TASK DESCRIPTION: Leave no line out; reproduce the listing exactly.

········

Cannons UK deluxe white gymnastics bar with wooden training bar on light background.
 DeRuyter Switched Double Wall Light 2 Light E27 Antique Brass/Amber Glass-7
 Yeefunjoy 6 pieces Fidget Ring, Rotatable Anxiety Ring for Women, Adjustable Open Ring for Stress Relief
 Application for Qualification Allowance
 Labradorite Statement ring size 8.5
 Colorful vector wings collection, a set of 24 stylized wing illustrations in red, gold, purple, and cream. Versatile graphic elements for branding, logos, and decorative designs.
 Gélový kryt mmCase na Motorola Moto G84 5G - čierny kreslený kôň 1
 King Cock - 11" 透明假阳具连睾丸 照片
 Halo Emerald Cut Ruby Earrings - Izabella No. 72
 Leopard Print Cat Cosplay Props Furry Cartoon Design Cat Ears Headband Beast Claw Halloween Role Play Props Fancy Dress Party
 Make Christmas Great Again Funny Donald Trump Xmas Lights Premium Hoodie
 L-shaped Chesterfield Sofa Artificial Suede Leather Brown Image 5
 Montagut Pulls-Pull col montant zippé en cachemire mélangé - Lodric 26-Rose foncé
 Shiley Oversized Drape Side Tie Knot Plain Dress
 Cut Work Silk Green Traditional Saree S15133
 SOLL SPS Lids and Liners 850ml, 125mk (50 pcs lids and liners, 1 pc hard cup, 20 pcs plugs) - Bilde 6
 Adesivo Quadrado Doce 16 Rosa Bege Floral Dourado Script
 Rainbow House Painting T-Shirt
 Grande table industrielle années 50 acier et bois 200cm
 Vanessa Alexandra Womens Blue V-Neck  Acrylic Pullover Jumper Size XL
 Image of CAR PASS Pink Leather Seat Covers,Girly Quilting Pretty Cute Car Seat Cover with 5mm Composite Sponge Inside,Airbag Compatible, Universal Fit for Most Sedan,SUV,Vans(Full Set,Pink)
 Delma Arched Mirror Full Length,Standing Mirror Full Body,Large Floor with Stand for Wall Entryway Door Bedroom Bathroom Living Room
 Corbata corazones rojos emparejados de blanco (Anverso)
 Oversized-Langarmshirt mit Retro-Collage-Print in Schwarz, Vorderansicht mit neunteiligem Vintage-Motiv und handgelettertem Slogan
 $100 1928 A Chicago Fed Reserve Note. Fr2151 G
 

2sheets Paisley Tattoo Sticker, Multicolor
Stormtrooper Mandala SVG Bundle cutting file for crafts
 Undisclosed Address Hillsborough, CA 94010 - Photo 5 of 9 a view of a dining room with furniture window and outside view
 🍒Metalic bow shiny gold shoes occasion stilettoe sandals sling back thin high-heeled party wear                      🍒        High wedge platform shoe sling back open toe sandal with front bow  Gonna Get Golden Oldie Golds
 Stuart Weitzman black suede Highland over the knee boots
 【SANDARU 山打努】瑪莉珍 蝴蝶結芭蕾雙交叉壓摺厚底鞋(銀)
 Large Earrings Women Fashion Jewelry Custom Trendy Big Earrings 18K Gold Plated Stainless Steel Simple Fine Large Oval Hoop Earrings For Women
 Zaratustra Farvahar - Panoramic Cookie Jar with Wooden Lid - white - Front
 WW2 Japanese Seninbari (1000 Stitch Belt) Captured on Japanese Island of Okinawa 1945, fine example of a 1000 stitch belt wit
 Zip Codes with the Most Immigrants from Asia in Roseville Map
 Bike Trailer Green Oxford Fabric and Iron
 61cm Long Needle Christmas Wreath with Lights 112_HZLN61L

········

SOLVED EXERCISE:
Cannons UK deluxe white gymnastics bar with wooden training bar on light background.
 DeRuyter Switched Double Wall Light 2 Light E27 Antique Brass/Amber Glass-7
 Yeefunjoy 6 pieces Fidget Ring, Rotatable Anxiety Ring for Women, Adjustable Open Ring for Stress Relief
 Application for Qualification Allowance
 Labradorite Statement ring size 8.5
 Colorful vector wings collection, a set of 24 stylized wing illustrations in red, gold, purple, and cream. Versatile graphic elements for branding, logos, and decorative designs.
 Gélový kryt mmCase na Motorola Moto G84 5G - čierny kreslený kôň 1
 King Cock - 11" 透明假阳具连睾丸 照片
 Halo Emerald Cut Ruby Earrings - Izabella No. 72
 Leopard Print Cat Cosplay Props Furry Cartoon Design Cat Ears Headband Beast Claw Halloween Role Play Props Fancy Dress Party
 Make Christmas Great Again Funny Donald Trump Xmas Lights Premium Hoodie
 L-shaped Chesterfield Sofa Artificial Suede Leather Brown Image 5
 Montagut Pulls-Pull col montant zippé en cachemire mélangé - Lodric 26-Rose foncé
 Shiley Oversized Drape Side Tie Knot Plain Dress
 Cut Work Silk Green Traditional Saree S15133
 SOLL SPS Lids and Liners 850ml, 125mk (50 pcs lids and liners, 1 pc hard cup, 20 pcs plugs) - Bilde 6
 Adesivo Quadrado Doce 16 Rosa Bege Floral Dourado Script
 Rainbow House Painting T-Shirt
 Grande table industrielle années 50 acier et bois 200cm
 Vanessa Alexandra Womens Blue V-Neck  Acrylic Pullover Jumper Size XL
 Image of CAR PASS Pink Leather Seat Covers,Girly Quilting Pretty Cute Car Seat Cover with 5mm Composite Sponge Inside,Airbag Compatible, Universal Fit for Most Sedan,SUV,Vans(Full Set,Pink)
 Delma Arched Mirror Full Length,Standing Mirror Full Body,Large Floor with Stand for Wall Entryway Door Bedroom Bathroom Living Room
 Corbata corazones rojos emparejados de blanco (Anverso)
 Oversized-Langarmshirt mit Retro-Collage-Print in Schwarz, Vorderansicht mit neunteiligem Vintage-Motiv und handgelettertem Slogan
 $100 1928 A Chicago Fed Reserve Note. Fr2151 G
 

2sheets Paisley Tattoo Sticker, Multicolor
Stormtrooper Mandala SVG Bundle cutting file for crafts
 Undisclosed Address Hillsborough, CA 94010 - Photo 5 of 9 a view of a dining room with furniture window and outside view
 🍒Metalic bow shiny gold shoes occasion stilettoe sandals sling back thin high-heeled party wear                      🍒        High wedge platform shoe sling back open toe sandal with front bow  Gonna Get Golden Oldie Golds
 Stuart Weitzman black suede Highland over the knee boots
 【SANDARU 山打努】瑪莉珍 蝴蝶結芭蕾雙交叉壓摺厚底鞋(銀)
 Large Earrings Women Fashion Jewelry Custom Trendy Big Earrings 18K Gold Plated Stainless Steel Simple Fine Large Oval Hoop Earrings For Women
 Zaratustra Farvahar - Panoramic Cookie Jar with Wooden Lid - white - Front
 WW2 Japanese Seninbari (1000 Stitch Belt) Captured on Japanese Island of Okinawa 1945, fine example of a 1000 stitch belt wit
 Zip Codes with the Most Immigrants from Asia in Roseville Map
 Bike Trailer Green Oxford Fabric and Iron
 61cm Long Needle Christmas Wreath with Lights 112_HZLN61L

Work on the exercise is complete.